We are currently looking to implement DVC on our stack.
One thing that isn’t clear from the available documentation, however, is how our data compliance team would go about administering and managing our data store using DVC. What kind of user access control is available to us? Or is this based on our existing Git/Bitbucket setup?
We’ve been through the tutorials available to us and we understand how to add data to the repository, branch off, update etc, but what we’re looking for clarity on is how we would centrally manage this for multiple users.
Any advice or guidance would be appreciated.
EDIT: To add clarity to the question, our requirement is for all of our incoming data sources to be handled by a specialist compliance team who will act as gatekeepers to the data and make it available to the data scientists within the firm as needed. The intention is for our DS team to pull data as is needed but not be able to update it without approval from the compliance team. Thanks.
Great question. DVC does not have any embedded features for access control yet but it relies on the access control models of your code repositories and storages.
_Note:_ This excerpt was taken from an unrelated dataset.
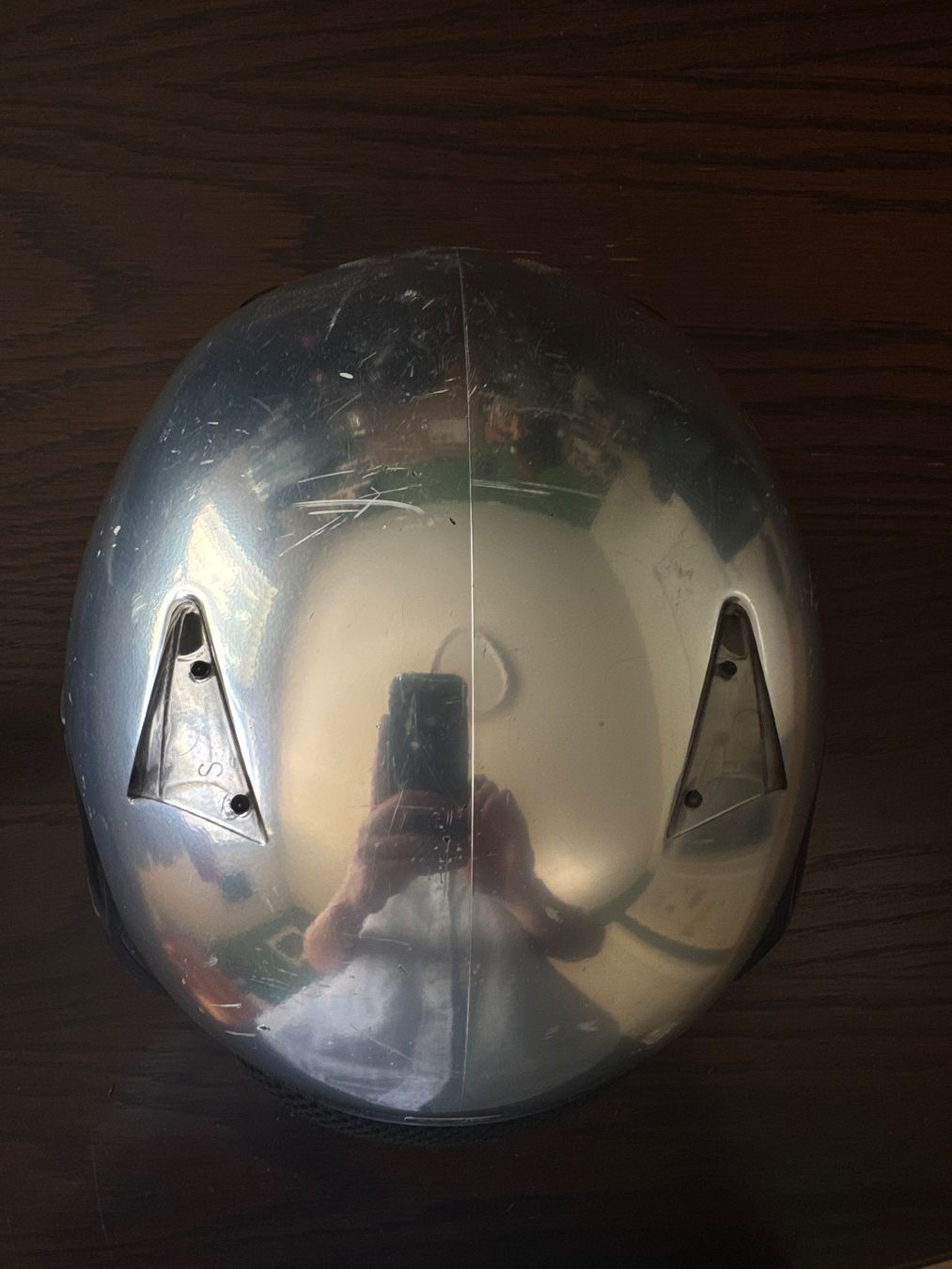 Uvex Caschi: Uvex Skihelm Silber – Usato da Binningen venduto da Dan_Shachar 2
- code: use Git\Bitbucket access setting to gain access for projects meta information
- storage: use S3\GCP\SSH access setting per project (per S3 bucket which is DVC remote)
If we assume that you use separate Git repos per project (not a mono repo) and a separate data remote per project (S3 bucket for example) then you can give access by managing these two services - the repository and the S3 bucket.
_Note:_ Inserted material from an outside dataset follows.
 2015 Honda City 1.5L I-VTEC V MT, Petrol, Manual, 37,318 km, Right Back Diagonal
Your compliance team can create a separate repository per data source (or set of the sources) with the right repository and data bucket setting and provide it to the right data scientists.
Would you mind to clarify a few things? Do all data scientists have more or less the same access rights to the data that was released by the compliance team?
How do you enforce these policies now?
Yeah, the intention is for the data scientists to have the same level of access to read data, create branches and issue pull requests, which the compliance team would then be required to approve/deny after a review.
Currently we don’t have a process like this yet. As it stands, the data scientists just use a shared folder on a server and there’s no version control on the files they’re accessing, so we have no idea if anyone has changed anything, nor any audit trail or metadata to say what is and isn’t in there. Hence why we’re looking at DVC
Thank you @dmitry, that’s good to know.
Also great to know we can integrate with our existing Bitbucket service. We won’t be using GCP/S3 for storage, we have a storage server so it’ll be using SSH to connect to that through bitbucket.
Makes sense @michaelwdownie. There are a few ways to organize this with DVC, but since you are looking for a central place where your data scientists and the compliance team collaborate, I would probably got with one git/dvc repo with all data sets you want to audit and expose in it.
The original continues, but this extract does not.